Wednesday, May 20, 2015

The Lingaraj Temple in Bhubaneshwar

- Aishwarya Javalgekar

Bhubaneshwar is called the city of temples. And rightly so, since it is said to be home to ten million Shiva Lingas! It is one of the most celebrated pilgrimage centers in India.  

The Bramha Purana, a Hindu text refers to Bhubaneshwar as the 'Ekamra Kshetra'. A 13th century inscription by Paramardideva (the Chandela king who ruled Central India), describes Ekamra as a sacred area “...adorned with hundreds of mango-groves, wherein exists a single Devakula [temple] surrounded by numerous temples.”  

The single temple, of course, refers to the Lingaraj temple, which is the largest and most renowned amongst all of Bhubaneshwar's temples.

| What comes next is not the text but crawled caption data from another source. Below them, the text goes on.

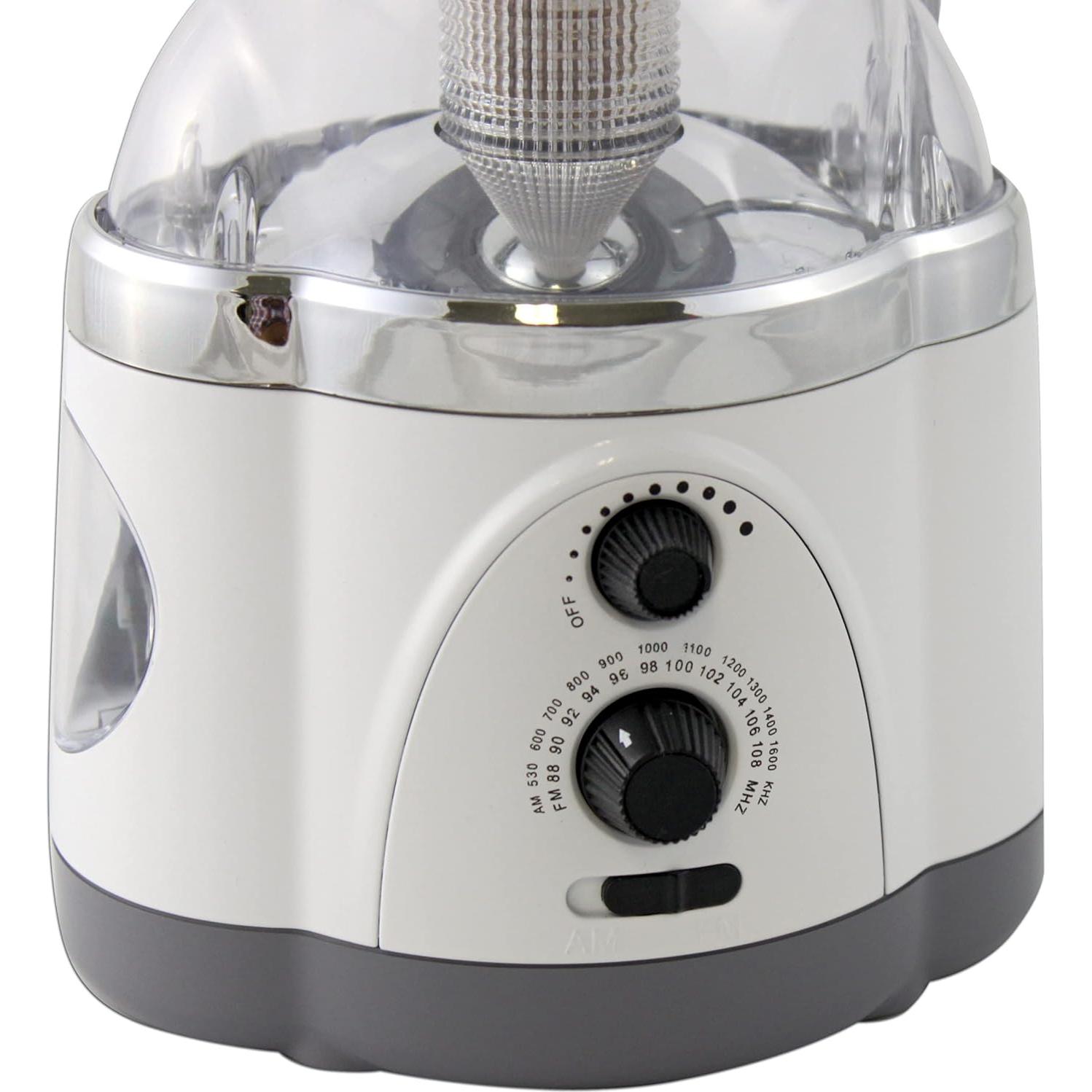 Linterna LED Multifuncional NorthPoint 16 LEDs 25.4cm Blanca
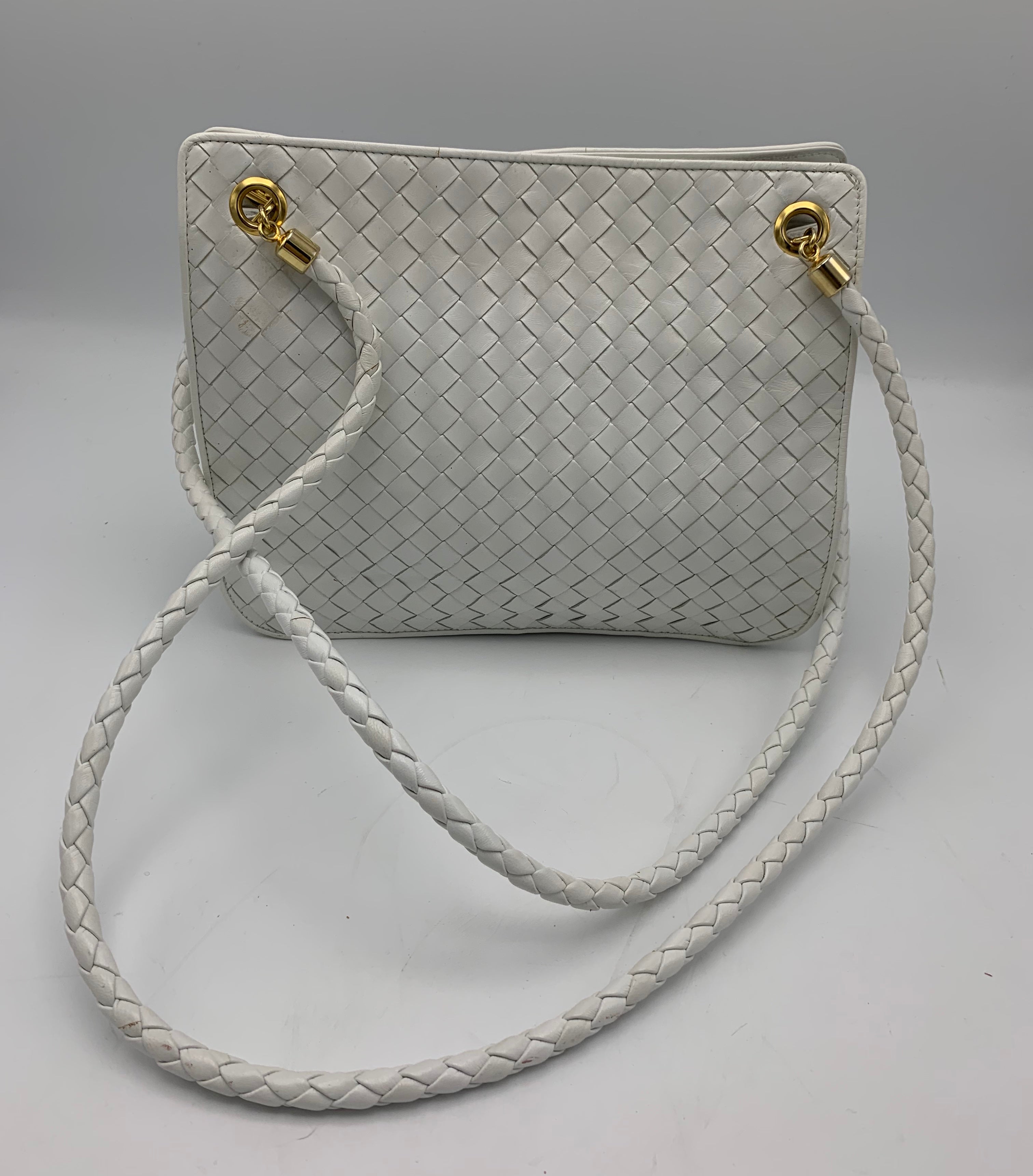 Vintage Bottega Veneta Shoulder Bag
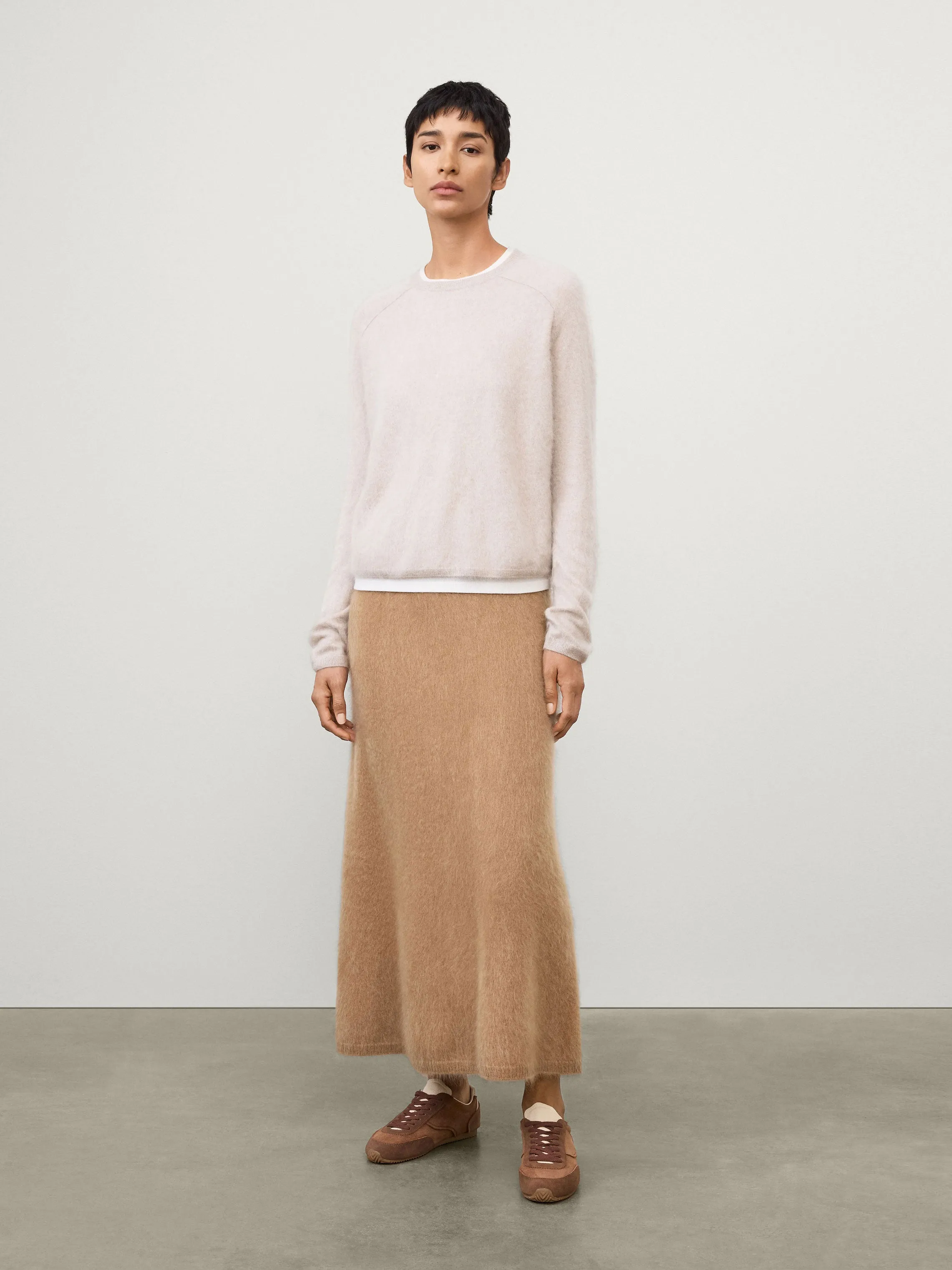 The Lexia Sweater sold by Lisa Yang product image thumbnail 2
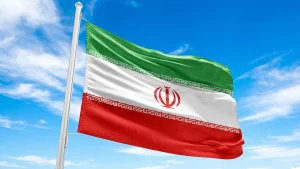 Iranian flag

It was first built by Yayati Kesari, a 7th century king, who shifted his capital from Jajpur to Bhubaneshwar. Bhubaneshwar remained the capital of the Kesari kingdom till 10th century CE. 

This temple has a spacious courtyard bounded by fortified walls. Its elaborately carved tower rises up to 180 feet. Built in the Kalinga style of architecture, it has four main components: the vimana (the structure which contains the sanctum), the bhoga-mandapa (the hall of offerings), the natamandira (the festival hall) and the jagamohana (the assembly hall). 
The temple displays impressive carvings of humans and animals. Inscriptions dating back to 13th century, CE of the Kalinga ruler Anangabhima III have been found here. It also houses some important Sanskrit scripts from the 6th and 7th centuries.